November 17, 2013

Charlie Countryman: Review

     As a love story Charlie Countryman is beautiful. As anything else, the film fails extravagantly.






   Charlie Countryman revolves around the titular character (Shia LaBeouf) as he heads to Bucharest and falls in love with a beautiful, but dangerous woman (Evan Rachel Wood). That's putting it simple. This film is a ridiculous blend of dark comedy, action-thriller, and love. None of which work well together. Alone the love story between Shia's, Charlie and Wood's, Gabi is enjoyable. It's the execution of the rest of the film that falls flat. Director Fredrik Bond and writer Matt Drake mix too many ideas to create a story without depth and without direction. The story floats from one subplot to the next with acid-trips and endless exposition in between. Shia LaBeouf and Evan Rachel Wood are fantastic in this film. They both play their parts with a complexity only they can bring out in the characters. It seems like LaBeouf's LSD experiments did help his performance. Unfortunately, Mads Mikkelsen and Til Schweiger play their stereotypical villainous selves as they do in every movie they're in.

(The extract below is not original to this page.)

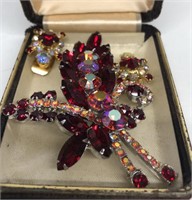 Earrings and brooch ruby red rhinestone set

    Setting the film in Bucharest didn't help the cause either. It seemed to be more for the production and tax breaks than for the overall story. The city itself is an amazing landscape in which the audience becomes lost in. An argument could be made that the city reflects Charlie's own lost person, but the director never puts that into our minds or into the characters' mouths. Bucharest merely becomes a backdrop with no character.

   Charlie Countryman drowns itself with multiple, many useless, storylines. As many genres blend together, nothing stands out and the film collapses under it all. 

D+
Good Qualities: LaBeouf and Wood's acting. The beginning of the love story. 
Bad Qualities: The erroneous effort of mixing many genres. Too many ideas.